Mayors are best placed to determine how to use the people and resources at their disposal to deliver for their communities. This amendment would prevent that by mandating the delegation of these functions specifically to a deputy mayor for fire and rescue. It would also, therefore, prevent mayors delegating these functions to a public safety commissioner. The effective delegation of fire and rescue functions to a commissioner can ease capacity constraints, ensuring that there is a dedicated individual with the time and expertise to focus on executing those functions. Fire and rescue functions are already held by deputy mayors for policing and crime in Greater Manchester and York—and in North Yorkshire, as mentioned by the noble Baroness, Lady McIntosh. She seemed to say that she was not quite sure where it sat, so I will definitely write to her to explain how it works.
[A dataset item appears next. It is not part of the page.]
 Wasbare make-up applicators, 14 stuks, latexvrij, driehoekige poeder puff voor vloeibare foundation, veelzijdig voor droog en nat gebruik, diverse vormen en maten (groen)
If they wish, mayors will be able to make an existing deputy mayor for policing and crime the public safety commissioner, meaning that that individual could lead on both policing and fire. However, certain functions should be the sole responsibility of the elected mayor as the head of the fire and rescue authority. Functions with the most significant bearing on the strategic direction of the fire service—such as the budget, the risk plan and the appointment or dismissal of the chief fire officer—are, therefore, retained by the mayor. On statutory requirements, fire and rescue services still have the right to respond to any planning application at the moment, for example, so they play a key role in that area. It is important that decisions in these areas are taken right at the top and that the person taking them is accountable at the ballot box.

To answer the noble Lord, Lord Wallace, every effort is made to make coterminous the public service boundaries when we lay out these plans. The position we have taken provides strong accountability and operational flexibility for the mayors, and I therefore ask the noble Baroness to withdraw the amendment.

Lord Wallace of Saltaire Portrait Lord Wallace of Saltaire (LD)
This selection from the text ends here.